这不挺有人性的吗?还天天拿自己标榜万能工具,明明就是个心智还没成熟的小孩。身份证比他大三岁,心理年龄估计比他小三岁。
“哼!”亚提拉双手抱胸,恶狠狠地盯着奇犽,“以后不请你吃饭了!一想到你吃了我的饭长高,我心里不得劲!”
小杰在旁边终于忍不住笑出了声。那笑声不大,但在安静的巷子里显得格外清脆。
他刚才一直没说话,他一直在观察,观察人类观察人性。虽然刚刚有几个时刻他应该及时出来踩刹车的,但他看入迷了,仿佛今天第一次认识亚提拉。这两个人吵架的样子,像极了他在森林里见过的两只松鼠——互相龇牙,谁也不让谁,但谁也没有真的咬下去。
“笑什么笑!”亚提拉和奇犽异口同声,然后同时愣了一下,又同时别过脸去。大概都觉得没面子,命运太有戏剧性了,尤其还碰上奶牛猫这个神经刀演员。
“你们俩,”小杰指了指亚提拉,又指了指奇犽,“好像啊。”
“谁像啊!”又是异口同声。
亚提拉气到跺脚,奇犽则是冲过来揉他的脑袋。
“好痛啊奇犽!”
看来他先前的担忧可以落地了,米特阿姨说“要认识一个人就要看对方讨厌什么”,现在他认识了奇犽,也认识了亚提拉。米特阿姨还说“吵架吵到最后还在纠结鸡毛蒜皮的人,根本吵不散。”,就像他之前和奇犽一样,奇犽和亚提拉也不会吵散。
他们会做一辈子的好朋友。
那么接下来就解决一下好朋友之间的问题吧。
这个“拿捏奶牛猫”计划是他和奇犽一起商量的,为的就是不让亚提拉一条路走到黑。奇犽一开始不是很想牵扯进去,但念在亚提拉确实对他们有恩情,就松口加入了这个计划,并且贡献了很有人性灰度的套路。

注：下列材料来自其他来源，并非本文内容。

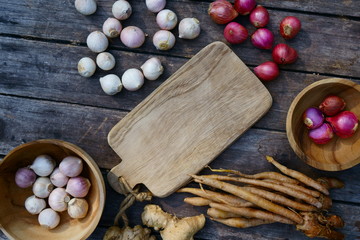 Top view of wooden table full of herbal vegetable ingredients, garlic, red onion, finger root, ginger, copy space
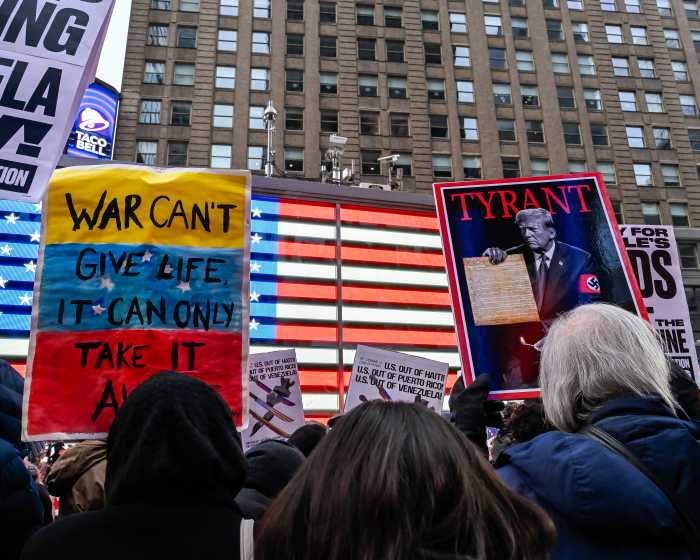large group of protestors holding signs outside in front of a building
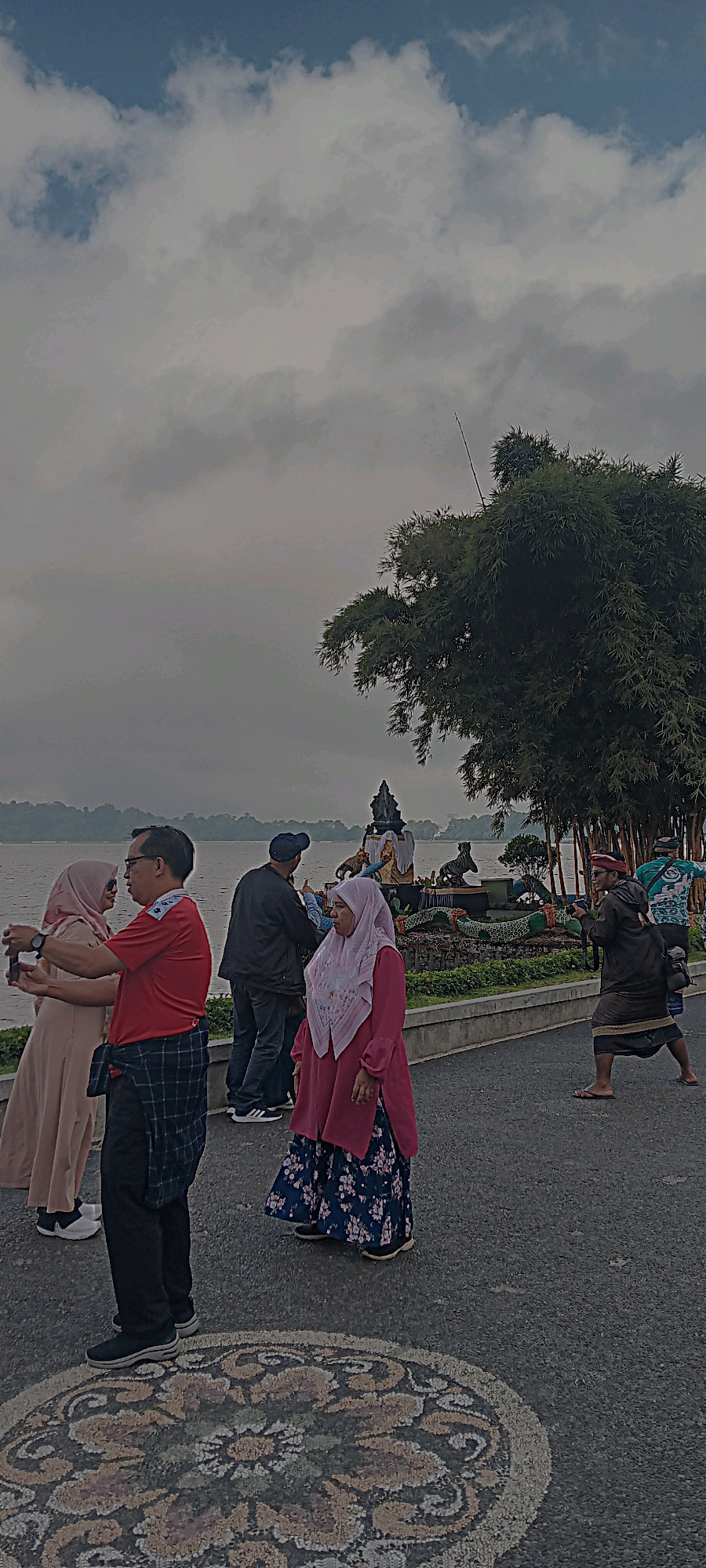 A group of people are standing by a body of water, possibly a lake or reservoir, near a decorative structure. The sky is overcast with clouds. In the foreground, a circular mosaic pattern is visible on the paved ground. On the left, a couple is taking a selfie, with the woman wearing a light-colored hijab and dress, and the man wearing a red shirt and plaid pants. To their right, another couple is visible, with the man wearing a dark jacket and baseball cap, and the woman wearing a pink hijab and a patterned skirt. Further to the right, a man in traditional clothing is walking with a camera around his neck. Behind the people, a bamboo tree provides shade. The decorative structure appears to be a shrine or monument, featuring sculptures of animals, possibly tigers and a dragon-like creature, with a central religious figure. The environment suggests a tourist area or scenic spot. The overall scene is set in the city of Baturiti, Indonesia.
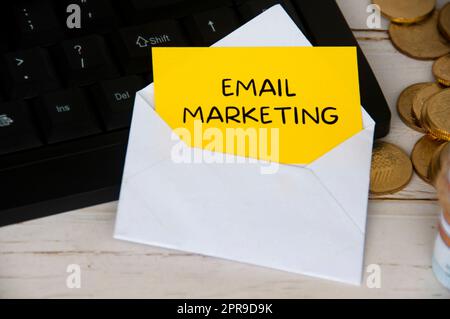 Email marketing texte sur le bloc-notes jaune dans une enveloppe sur ordinateur clavier avec pièces en or. Banque D'Images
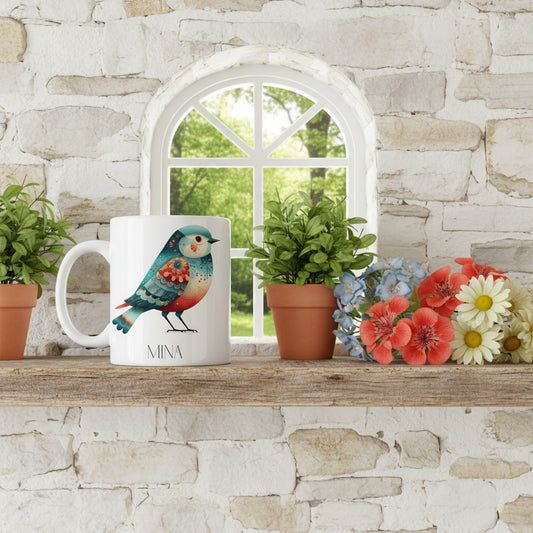 Mug with a bird design on a wooden shelf against a stone wall with a window.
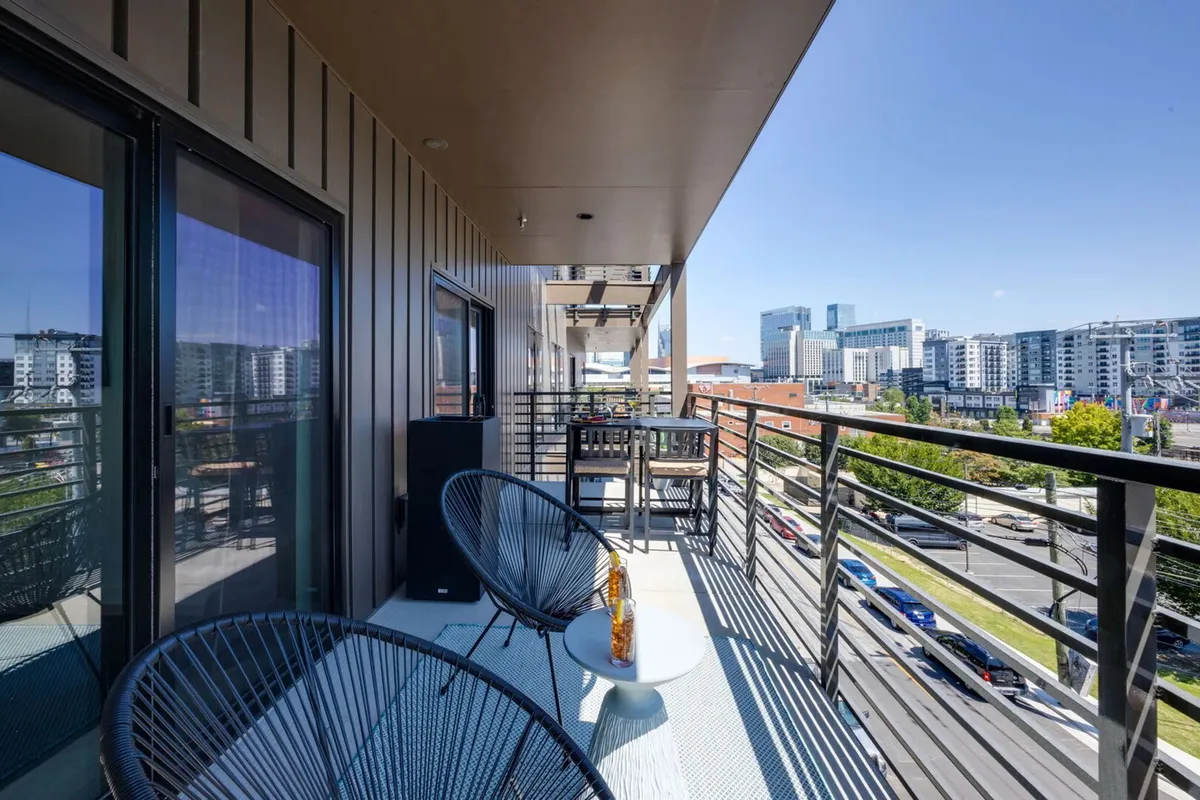 A private balcony with comfortable seating and a small table overlooking the Nashville city skyline. The tranquil urban backdrop is visible, suggesting a spot for unwinding or socializing after a busy day.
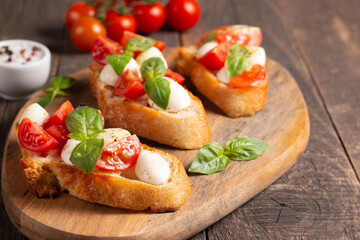 Fototapeta na wymiar Italian tomato and cheese bruschetta. Tapas, antipasti with chopped vegetables, herbs and oil on grilled ciabatta and baguette bread.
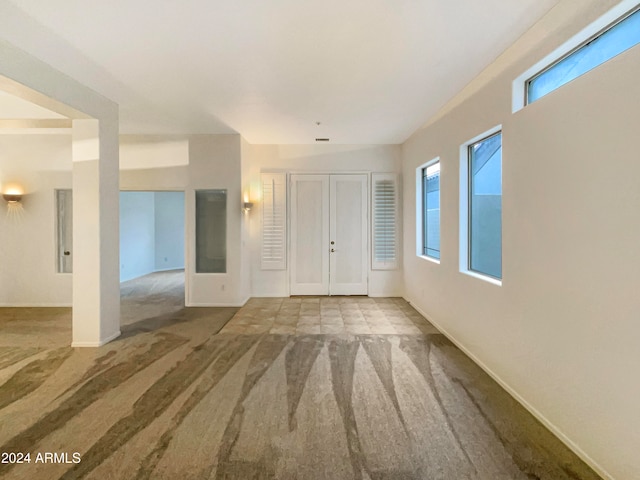 carpeted empty room featuring a wealth of natural light and french doors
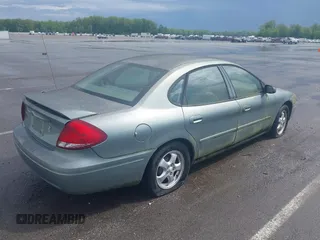 2005 Ford Taurus SE with VIN 1FAFP53U55A209369, listed as a IAAI auction lot 42144800 with 152,446 mi miles. Bid and sale history available at carsss.com. Image 4.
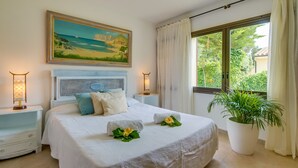 Een slaapkamer met een bed, twee nachtkastjes, een schilderij, een raam met gordijnen en een potplant.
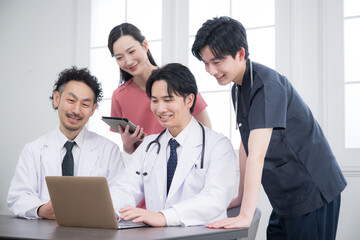 Doctors in brightly lit medical offices and hospitals meeting for check-ins, sharing, meetings, etc. Image of supervisors and residents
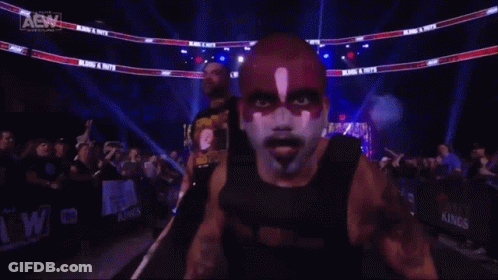 A Man With A Aew Logo On His Shirt GIF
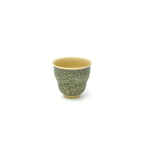 Tilted front view revealing the crafted inner rim and intricate interior glaze of the 50ml Glazara Verdant Orchid Shattered Ice teacup.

可怜的亚提拉就这样被一个天然黑和白切黑玩弄于股掌之间,她在人性方面的亏永远吃不完。永远吃一垫吃一垫吃一垫,永远有新招式等着她。
“怎么了小杰?”亚提拉被小杰大眼萌攻击看的不自在,挠挠梨涡,“你有什么想说的吗?”
“我们要做一辈子的好朋友!”小杰先抛出真诚的结论给亚提拉定心。
“啊?一生?”为什么这里会串台到少女乐队频道啊?
“这么快就决定一辈子的事情真的好吗?”亚提拉觉得一生的承诺还是太沉重的,到时候物是人非了回忆起来只会更加伤感。
“那大家要注意身体注意安全了。”奇犽接受了这个想法并且思考规划起来。
“诶?什么时候?”他们什么时候有这种共识了?没通知她啊!
奇犽把脸别过去的那几秒,亚提拉的脑子里已经把前因后果串了一遍。
她想起小杰全程的沉默。想起奇犽那句“我们之间的信任已经分崩离析了”说得太顺,像背过好几遍的台词。想起他最后那个“今后再也不要和我扯上关系”,语气冷得很刻意——字正腔圆,情感饱满,唯独缺了那么一点“真的想绝交”的咬牙切齿。
不对劲。她被做局了。
“你们……”她抬起头,目光从奇犽脸上移到小杰脸上,又从那边移回来。两个人被她看得同时偏了偏头——一个向左,一个向右,四十五度仰望天空,不是天生忧郁就是心里有鬼。
他们绝对是心虚了。
“刚刚是不是在演我?”
小杰先绷不住了。他挠挠后脑勺,露出一个“被发现了”的憨笑,笑容底下有松了一口气的释然。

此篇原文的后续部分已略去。